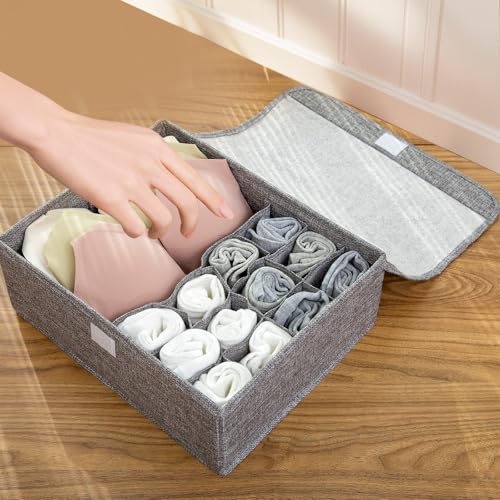 Fabric Storage Box with Plastic Lining and Multiple Compartments for Organizing Small Items, Grey - color: Grey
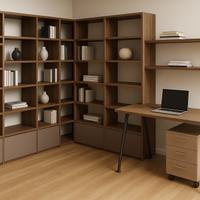 Ufficio con libreria GOLF angolo eucalipto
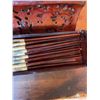 Image 6 : Carved Wood and Faux Ivory Dragon Motif Chopsticks Set with Box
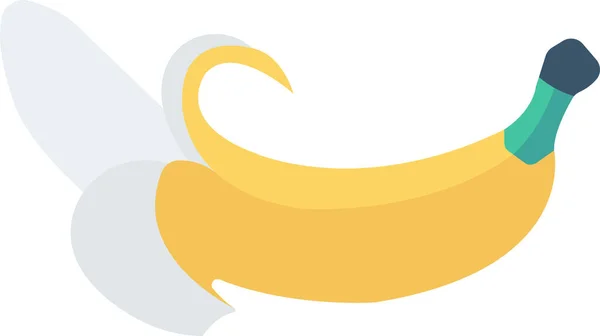 Banaan Voedsel Fruit Pictogram Platte Stijl — Stockvector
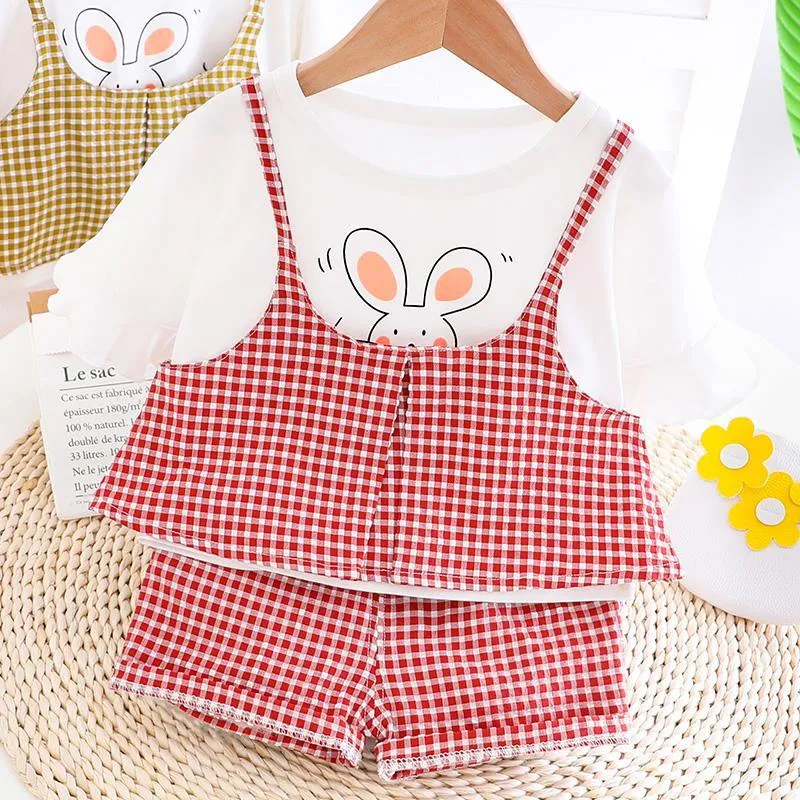 Rabbit Printed Plaid T-shirt & Plaid Shorts Set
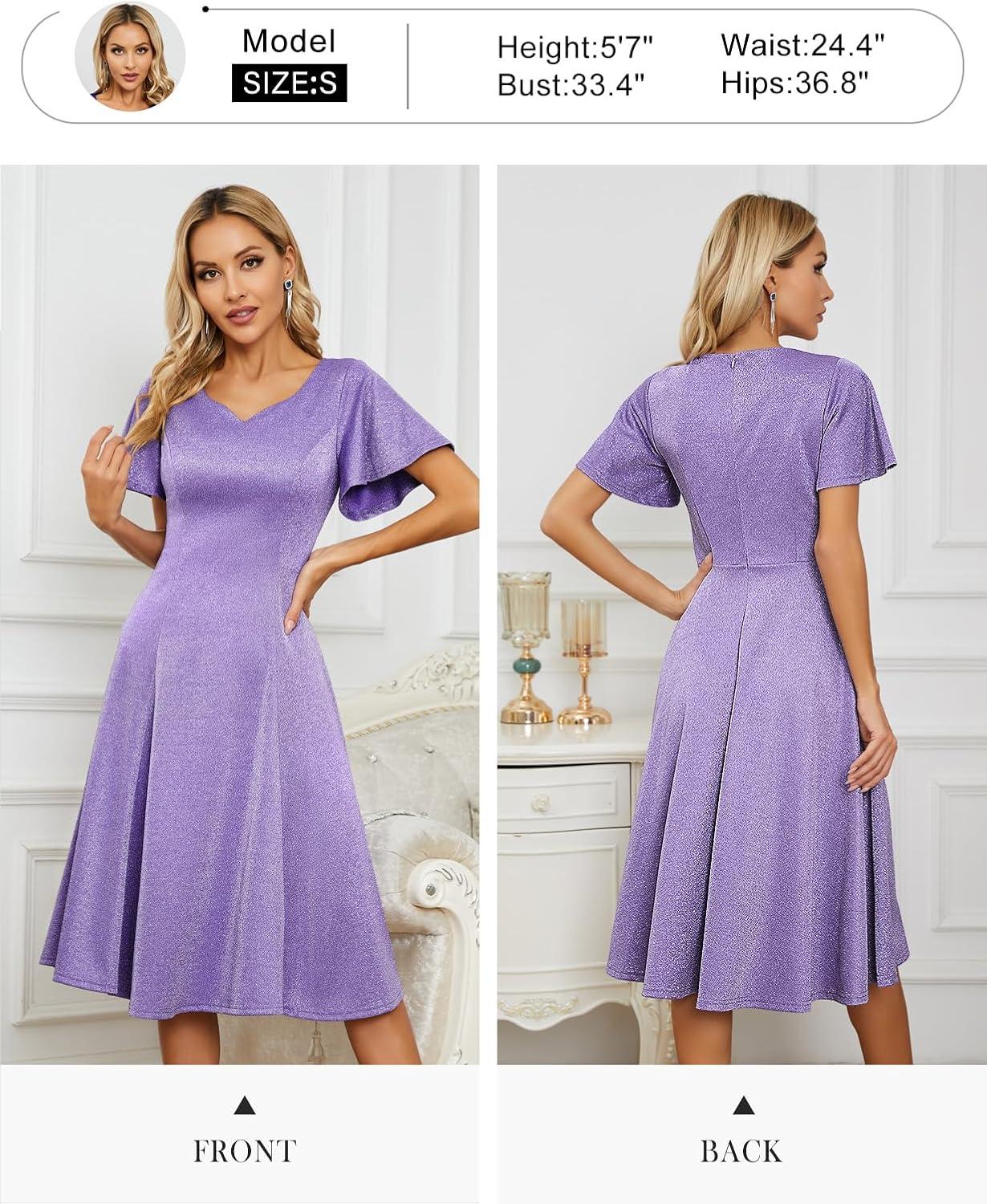 imageHomRain Wedding Guest Dresses for Women Vintage Short Sleeves Casual Fit and Flare Cocktail Formal Dress for Tea PartyGlitterlavender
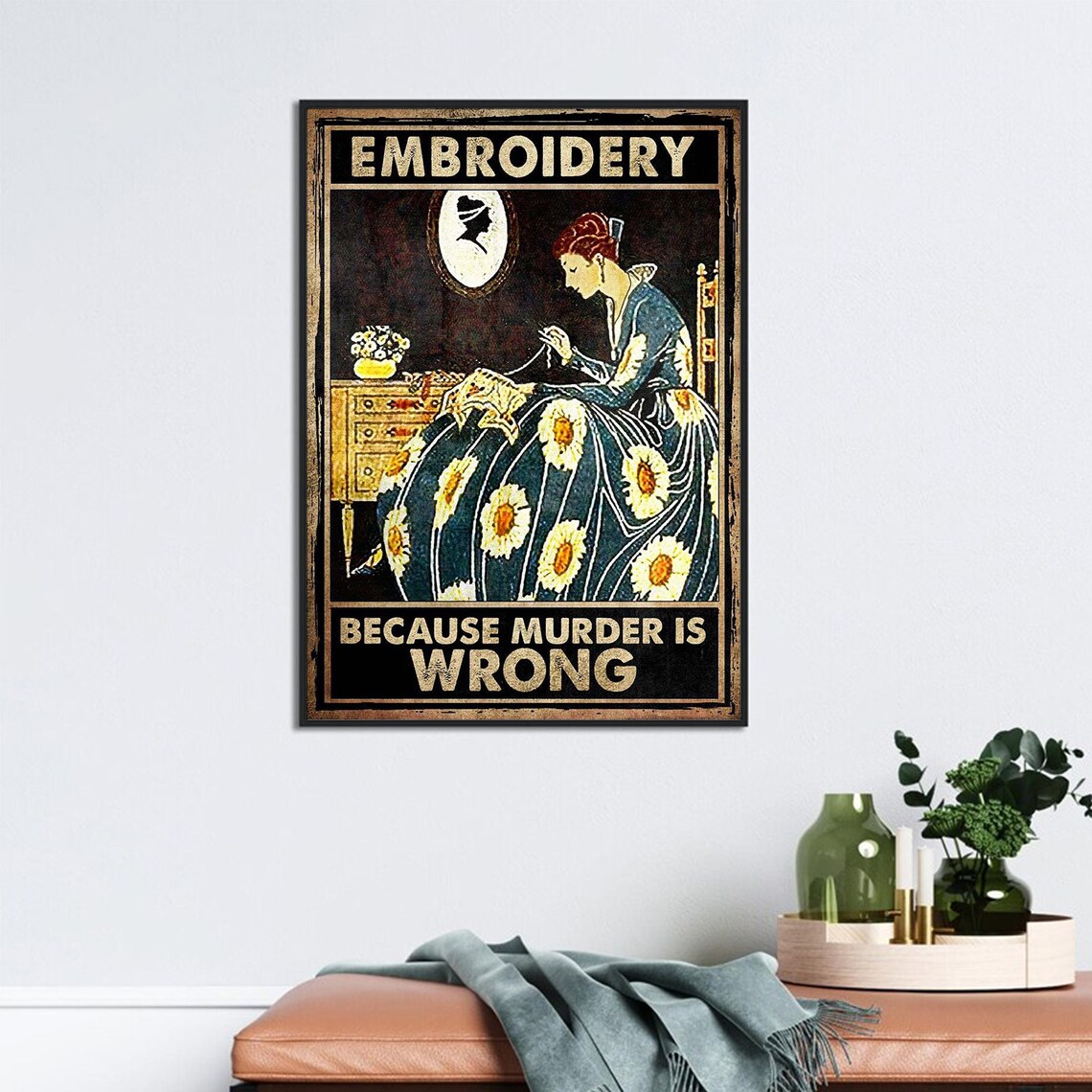 Lady Embroidery, Because Murder Is Wrong Art Print - Image 3
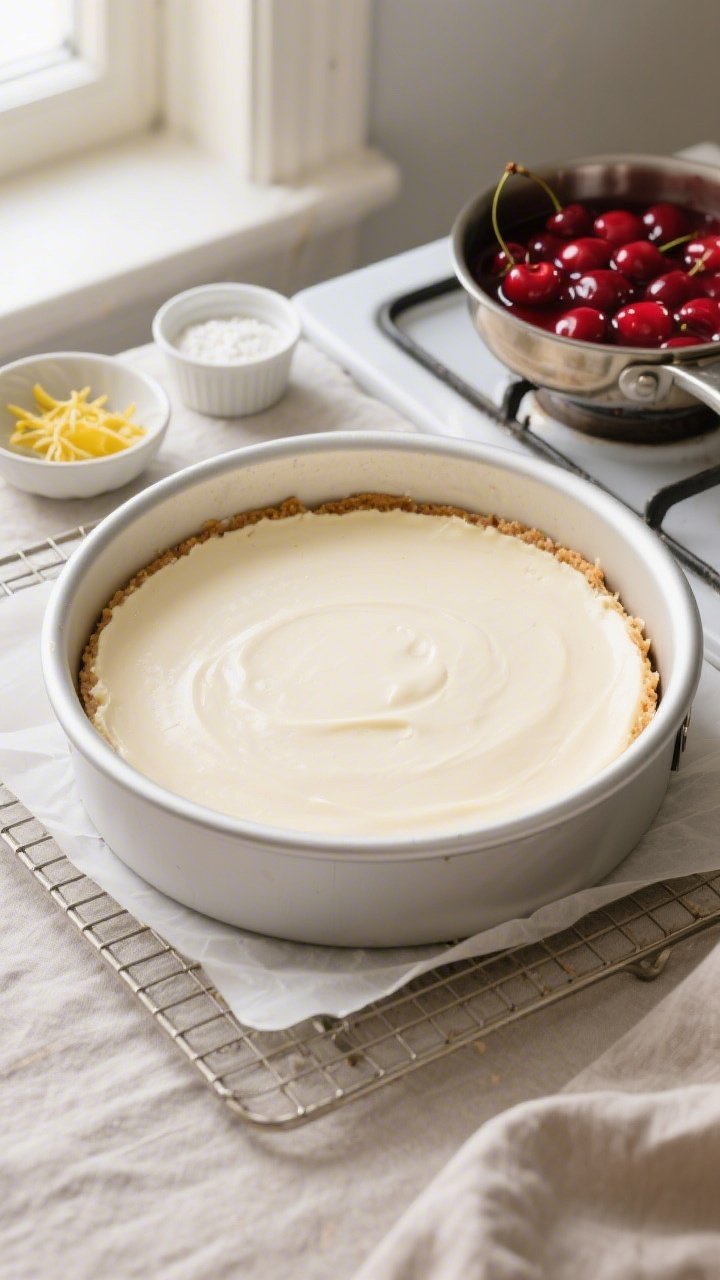 Overhead shot of the low-calorie cherry cheesecake just after baking and cooling in the springform p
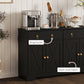 Sideboard Cabinet with 2 Drawers, 4 Barn Doors and 2 Adjustable Shelves, Buffet Table for Living Room, Black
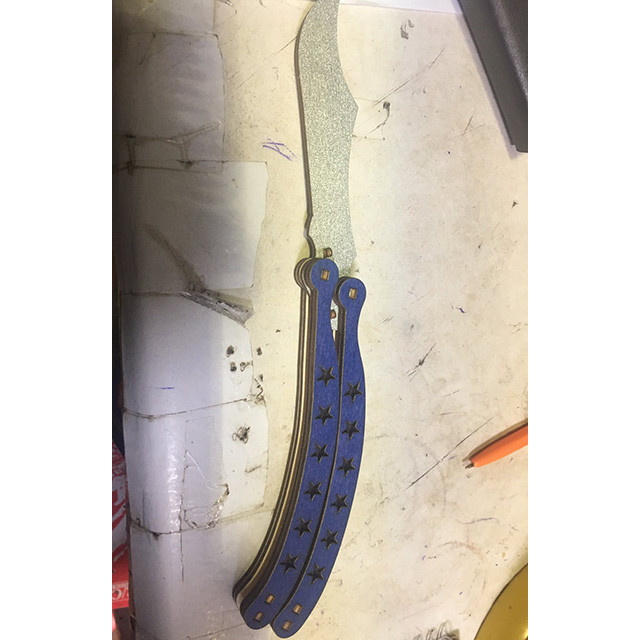Деревянный нож-бабочка CS GO (поверхностная закалка) в ассортименте - фото 2 - id-p152764668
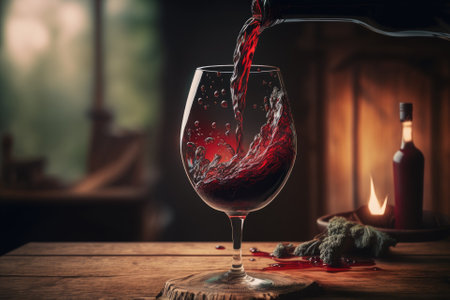 Red wine being poured into a glass, blurred wood in the background. Generative AIの素材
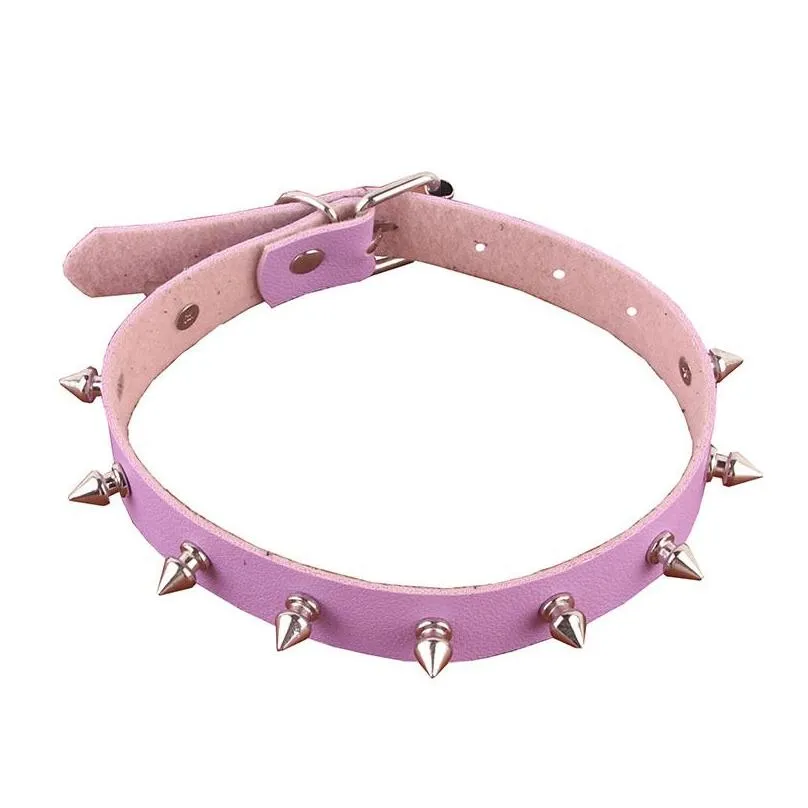 sexy gothic pink spiked punk choker collar with spikes rivets women men studded chocker necklace goth jewelry
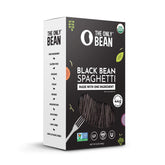 The Only Bean organic black bean spaghetti packaging with organic certification and nutrition highlights.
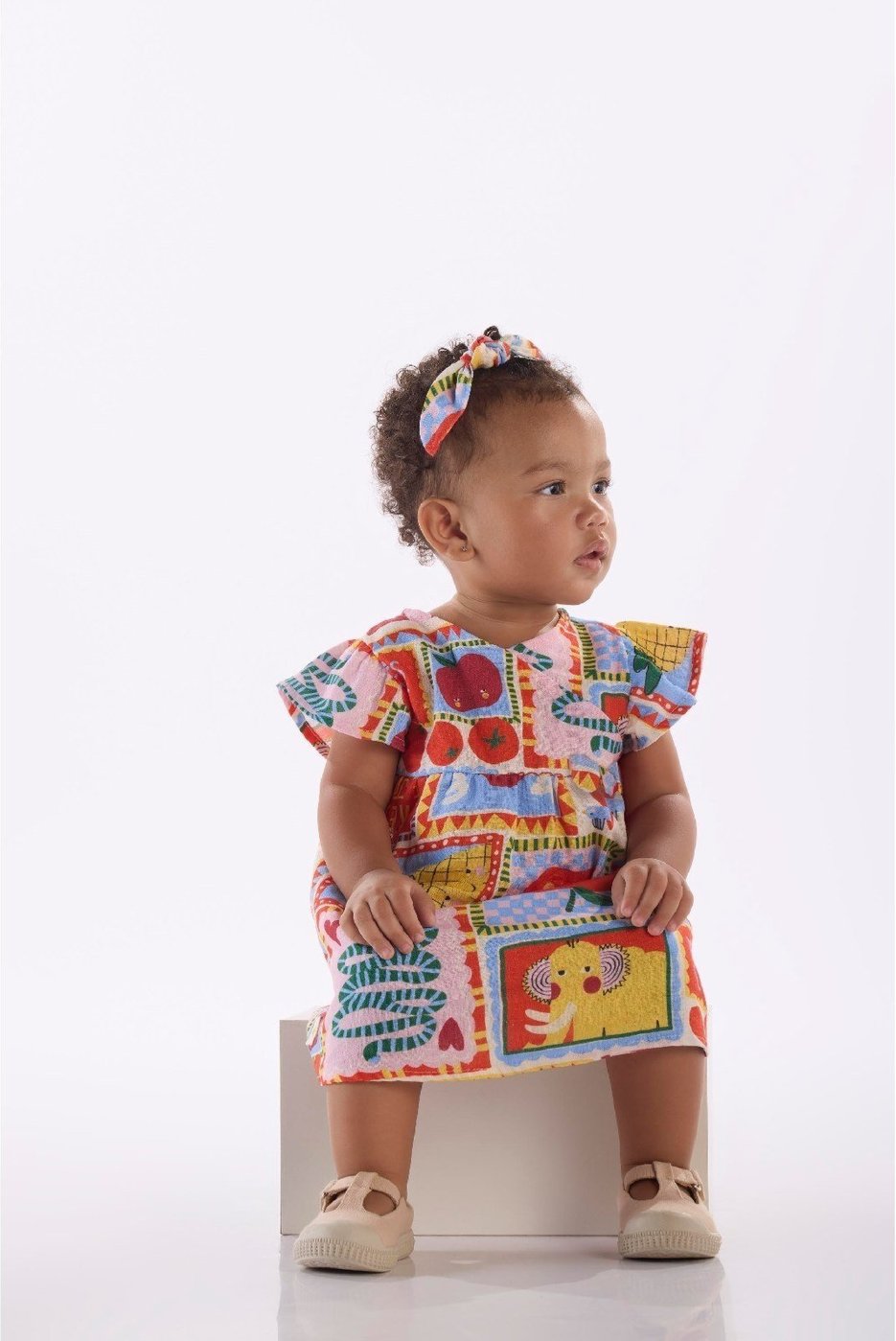 Imagem principal Infantil - Vestido para em Viscolinho Três e Já branco Três e Já branco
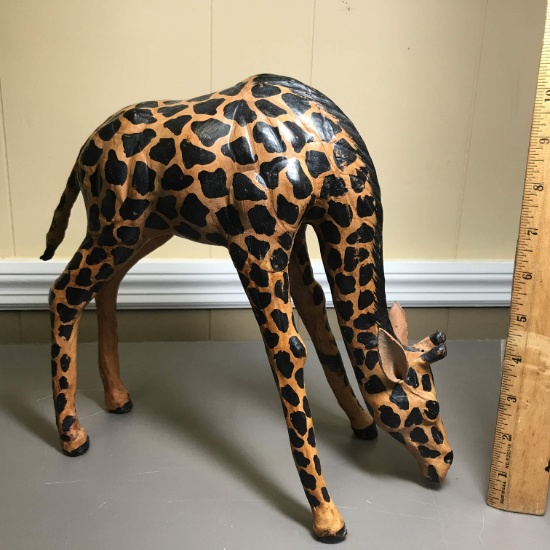 10”Tall Leather Giraffe Figurine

To do – Omit the pictures and reproduce the listing exactly.

Output for this exercise –
 Fabric Storage Box with Plastic Lining and Multiple Compartments for Organizing Small Items, Grey - color: Grey
 Ufficio con libreria GOLF angolo eucalipto
 Image 6 : Carved Wood and Faux Ivory Dragon Motif Chopsticks Set with Box
 Banaan Voedsel Fruit Pictogram Platte Stijl — Stockvector
 Rabbit Printed Plaid T-shirt & Plaid Shorts Set
 imageHomRain Wedding Guest Dresses for Women Vintage Short Sleeves Casual Fit and Flare Cocktail Formal Dress for Tea PartyGlitterlavender
 Lady Embroidery, Because Murder Is Wrong Art Print - Image 3
 Overhead shot of the low-calorie cherry cheesecake just after baking and cooling in the springform p
 Sideboard Cabinet with 2 Drawers, 4 Barn Doors and 2 Adjustable Shelves, Buffet Table for Living Room, Black
Деревянный нож-бабочка CS GO (поверхностная закалка) в ассортименте - фото 2 - id-p152764668
 Red wine being poured into a glass, blurred wood in the background. Generative AIの素材
 sexy gothic pink spiked punk choker collar with spikes rivets women men studded chocker necklace goth jewelry
 The Only Bean organic black bean spaghetti packaging with organic certification and nutrition highlights.
 Imagem principal Infantil - Vestido para em Viscolinho Três e Já branco Três e Já branco
 10”Tall Leather Giraffe Figurine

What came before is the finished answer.